Le premier message est parti d’un ordinateur
Retour au 3 décembre 1992. Ce jour-là, les ingénieurs de Sema Group, menés par le Britannique Neil Papworth, envoient le tout premier Short Message Service. Le message n’est même pas saisi sur un téléphone, faute de clavier convenable sur les appareils de l’époque.
Le texte, lui, est resté célèbre, « Joyeux Noël ». Neil Papworth l’adresse à Richard Jarvis, alors directeur de Vodafone, pendant une fête de Noël. À ce moment-là, les terminaux GSM savent recevoir des messages, pas en envoyer. Il faut donc passer par une interface sur ordinateur pour entrer le numéro et transmettre le texto. Les téléphones n’obtiendront cette capacité qu’un an plus tard.
Autre détail parlant, ce service n’est pas pensé au départ pour le grand public. Chez Vodafone, l’idée initiale vise d’abord une utilisation interne, entre dirigeants et salariés. Il faudra attendre sept ans avant que l’opérateur le propose à ses clients, puis que les autres suivent.
Le RCS veut reprendre la main
Aujourd’hui, c’est Google qui pousse le RCS, pour Rich Communication Service. En gros, l’idée est de dépasser le simple message texte. Le protocole peut aussi transporter de la vidéo, un message vocal et même des documents interactifs, comme des billets de train ou des réservations de restaurant avec carte Google Maps.
Le système a déjà été lancé par 47 opérateurs dans le monde. Mais il y a une limite très concrète, pour profiter pleinement du RCS, il faut que le destinataire ait lui aussi un smartphone compatible. Et ce service repose sur la 4G, là où le vieux SMS se contente du réseau GSM. C’est peu spectaculaire, mais c’est souvent ce genre de détail technique qui fait la différence dans l’adoption.
Vos questions, nos réponses
Pourquoi le premier SMS a-t-il été envoyé depuis un ordinateur ?
Parce que les téléphones de 1992 n’avaient pas encore de clavier vraiment adapté à cet usage. Surtout, les premiers terminaux GSM pouvaient recevoir un message, mais pas en envoyer. L’ordinateur servait donc d’interface pour saisir le texte et choisir le numéro du destinataire.
Le SMS était-il prévu pour le grand public dès le départ ?

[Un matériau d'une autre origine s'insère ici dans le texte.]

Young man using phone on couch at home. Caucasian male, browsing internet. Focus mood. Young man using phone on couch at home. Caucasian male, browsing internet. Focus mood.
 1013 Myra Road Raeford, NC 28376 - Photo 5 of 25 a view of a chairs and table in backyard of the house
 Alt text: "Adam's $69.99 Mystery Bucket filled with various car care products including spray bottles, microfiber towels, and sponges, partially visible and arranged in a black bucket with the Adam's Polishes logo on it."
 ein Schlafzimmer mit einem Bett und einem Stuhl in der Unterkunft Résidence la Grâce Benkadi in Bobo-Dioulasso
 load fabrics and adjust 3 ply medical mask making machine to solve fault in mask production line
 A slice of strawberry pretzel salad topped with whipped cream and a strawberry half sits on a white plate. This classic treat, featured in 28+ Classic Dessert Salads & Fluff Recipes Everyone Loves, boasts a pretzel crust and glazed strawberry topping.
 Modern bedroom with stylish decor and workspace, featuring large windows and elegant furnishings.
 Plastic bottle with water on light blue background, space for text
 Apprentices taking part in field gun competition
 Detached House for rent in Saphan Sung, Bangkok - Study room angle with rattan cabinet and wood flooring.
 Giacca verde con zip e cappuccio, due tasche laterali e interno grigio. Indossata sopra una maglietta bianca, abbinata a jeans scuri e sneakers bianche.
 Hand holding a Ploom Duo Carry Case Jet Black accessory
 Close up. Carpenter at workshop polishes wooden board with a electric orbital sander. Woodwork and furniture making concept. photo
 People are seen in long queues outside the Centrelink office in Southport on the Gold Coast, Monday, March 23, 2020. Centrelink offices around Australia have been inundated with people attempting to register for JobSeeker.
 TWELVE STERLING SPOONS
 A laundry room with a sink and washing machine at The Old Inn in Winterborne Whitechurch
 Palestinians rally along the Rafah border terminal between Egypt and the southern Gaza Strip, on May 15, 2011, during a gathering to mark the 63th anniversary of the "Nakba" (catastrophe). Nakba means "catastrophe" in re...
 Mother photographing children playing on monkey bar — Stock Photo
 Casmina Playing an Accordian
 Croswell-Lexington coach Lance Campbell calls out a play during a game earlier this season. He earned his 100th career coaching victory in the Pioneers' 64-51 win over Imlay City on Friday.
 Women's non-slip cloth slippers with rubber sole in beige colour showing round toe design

Non. Au début, l’idée était beaucoup plus limitée. Chez Vodafone, ce service devait surtout aider les responsables de l’entreprise à communiquer avec leurs équipes. Son usage commercial auprès des clients n’est venu que plusieurs années après.
Qu’est-ce que le RCS change par rapport au SMS ?
Le SMS transporte avant tout du texte, avec une logique très simple. Le RCS va plus loin, puisqu’il peut intégrer de l’audio, de la vidéo ou des contenus interactifs. Pour l’utilisateur, cela rapproche le message classique des applications de messagerie modernes.
Pourquoi le SMS reste-t-il encore utile ?
Parce qu’il fonctionne avec des contraintes techniques plus légères. Il s’appuie sur le réseau GSM, sans exiger un smartphone compatible ni une infrastructure plus récente. Cette simplicité explique pourquoi il reste très solide, même quand de nouveaux services arrivent.